> _Aim of the task_
Across the entries that follow, count the lines with the string "Foto" and reply with that count alone.

(Stored items from a collection)
++++++++

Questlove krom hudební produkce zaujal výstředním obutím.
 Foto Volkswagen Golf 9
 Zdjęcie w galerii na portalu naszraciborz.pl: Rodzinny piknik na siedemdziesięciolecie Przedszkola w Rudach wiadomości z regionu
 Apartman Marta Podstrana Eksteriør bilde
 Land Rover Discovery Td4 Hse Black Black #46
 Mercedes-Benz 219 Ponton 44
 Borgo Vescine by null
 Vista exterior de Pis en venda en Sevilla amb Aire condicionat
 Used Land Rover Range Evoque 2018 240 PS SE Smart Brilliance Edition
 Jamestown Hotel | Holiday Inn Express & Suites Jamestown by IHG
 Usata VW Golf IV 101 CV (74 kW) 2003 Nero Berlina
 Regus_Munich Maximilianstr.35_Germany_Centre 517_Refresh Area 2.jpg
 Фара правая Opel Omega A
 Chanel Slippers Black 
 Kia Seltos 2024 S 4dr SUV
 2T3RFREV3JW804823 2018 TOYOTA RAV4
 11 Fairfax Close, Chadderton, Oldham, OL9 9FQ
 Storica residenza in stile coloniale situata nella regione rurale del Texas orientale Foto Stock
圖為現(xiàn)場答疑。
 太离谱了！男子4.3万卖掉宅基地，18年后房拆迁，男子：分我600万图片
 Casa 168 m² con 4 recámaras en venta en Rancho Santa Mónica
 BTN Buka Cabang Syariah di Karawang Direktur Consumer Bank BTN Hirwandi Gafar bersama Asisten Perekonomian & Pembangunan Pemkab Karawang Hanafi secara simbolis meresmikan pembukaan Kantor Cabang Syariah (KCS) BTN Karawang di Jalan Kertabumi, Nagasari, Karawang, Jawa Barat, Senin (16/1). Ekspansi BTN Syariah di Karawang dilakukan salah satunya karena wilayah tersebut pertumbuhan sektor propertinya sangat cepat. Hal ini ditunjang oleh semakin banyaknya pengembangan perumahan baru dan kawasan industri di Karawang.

++++++++

> _The answer_
2